* TASK GOAL
Only the stretch of the listing below that runs from the line with "Send Gifts to" through the line with "Modern Newbuild Townhouse" is to be printed, exactly and with both ends.

* RECORDS SHOWN
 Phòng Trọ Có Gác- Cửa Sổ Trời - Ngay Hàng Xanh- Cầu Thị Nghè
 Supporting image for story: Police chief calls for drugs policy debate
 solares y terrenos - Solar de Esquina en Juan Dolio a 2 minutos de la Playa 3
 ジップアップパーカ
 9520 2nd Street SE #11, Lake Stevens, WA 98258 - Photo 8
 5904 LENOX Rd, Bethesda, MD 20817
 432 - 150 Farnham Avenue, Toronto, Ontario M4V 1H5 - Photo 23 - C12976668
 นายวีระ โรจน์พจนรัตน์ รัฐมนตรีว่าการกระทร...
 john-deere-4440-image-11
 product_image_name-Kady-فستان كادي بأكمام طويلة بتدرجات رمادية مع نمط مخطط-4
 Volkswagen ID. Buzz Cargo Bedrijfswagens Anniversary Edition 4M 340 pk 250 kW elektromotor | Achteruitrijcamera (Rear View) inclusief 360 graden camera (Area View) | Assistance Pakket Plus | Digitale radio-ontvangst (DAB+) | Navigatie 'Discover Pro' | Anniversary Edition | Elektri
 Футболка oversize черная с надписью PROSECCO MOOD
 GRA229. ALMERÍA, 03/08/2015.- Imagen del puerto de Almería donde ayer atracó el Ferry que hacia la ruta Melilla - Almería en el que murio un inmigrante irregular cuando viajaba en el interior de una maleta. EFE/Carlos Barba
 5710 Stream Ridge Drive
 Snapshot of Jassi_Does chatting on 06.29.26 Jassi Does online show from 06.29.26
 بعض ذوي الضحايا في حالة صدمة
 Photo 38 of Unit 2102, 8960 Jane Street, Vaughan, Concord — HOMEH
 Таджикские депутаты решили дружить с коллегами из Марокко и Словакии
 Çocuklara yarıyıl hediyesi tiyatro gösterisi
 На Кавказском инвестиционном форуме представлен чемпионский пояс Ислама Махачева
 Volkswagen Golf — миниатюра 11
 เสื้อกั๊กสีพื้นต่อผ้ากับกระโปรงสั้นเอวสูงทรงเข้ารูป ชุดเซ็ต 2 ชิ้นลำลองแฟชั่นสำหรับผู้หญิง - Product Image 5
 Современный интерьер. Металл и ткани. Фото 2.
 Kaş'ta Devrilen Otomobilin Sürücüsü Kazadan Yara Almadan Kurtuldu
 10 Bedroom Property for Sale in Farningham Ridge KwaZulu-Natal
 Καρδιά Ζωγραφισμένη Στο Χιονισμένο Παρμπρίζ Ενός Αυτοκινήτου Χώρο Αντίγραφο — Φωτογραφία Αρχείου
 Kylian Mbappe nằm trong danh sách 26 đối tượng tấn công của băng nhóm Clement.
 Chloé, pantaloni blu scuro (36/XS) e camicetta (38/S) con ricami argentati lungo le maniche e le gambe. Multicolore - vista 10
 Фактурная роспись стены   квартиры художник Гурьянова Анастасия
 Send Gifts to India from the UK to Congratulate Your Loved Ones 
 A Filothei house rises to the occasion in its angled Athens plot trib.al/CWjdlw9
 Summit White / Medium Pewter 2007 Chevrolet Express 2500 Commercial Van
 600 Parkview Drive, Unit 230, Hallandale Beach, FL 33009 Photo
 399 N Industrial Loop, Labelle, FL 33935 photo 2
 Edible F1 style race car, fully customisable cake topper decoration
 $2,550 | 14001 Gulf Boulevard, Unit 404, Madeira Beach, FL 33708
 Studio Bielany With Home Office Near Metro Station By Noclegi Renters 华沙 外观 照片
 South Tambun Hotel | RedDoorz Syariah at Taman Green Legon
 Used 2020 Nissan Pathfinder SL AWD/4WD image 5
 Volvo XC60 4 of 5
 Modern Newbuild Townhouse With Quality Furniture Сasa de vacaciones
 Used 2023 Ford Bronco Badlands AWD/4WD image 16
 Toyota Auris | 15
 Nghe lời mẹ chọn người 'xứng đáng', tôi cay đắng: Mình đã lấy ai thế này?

* ANSWER SPACE
 Send Gifts to India from the UK to Congratulate Your Loved Ones 
 A Filothei house rises to the occasion in its angled Athens plot trib.al/CWjdlw9
 Summit White / Medium Pewter 2007 Chevrolet Express 2500 Commercial Van
 600 Parkview Drive, Unit 230, Hallandale Beach, FL 33009 Photo
 399 N Industrial Loop, Labelle, FL 33935 photo 2
 Edible F1 style race car, fully customisable cake topper decoration
 $2,550 | 14001 Gulf Boulevard, Unit 404, Madeira Beach, FL 33708
 Studio Bielany With Home Office Near Metro Station By Noclegi Renters 华沙 外观 照片
 South Tambun Hotel | RedDoorz Syariah at Taman Green Legon
 Used 2020 Nissan Pathfinder SL AWD/4WD image 5
 Volvo XC60 4 of 5
 Modern Newbuild Townhouse With Quality Furniture Сasa de vacaciones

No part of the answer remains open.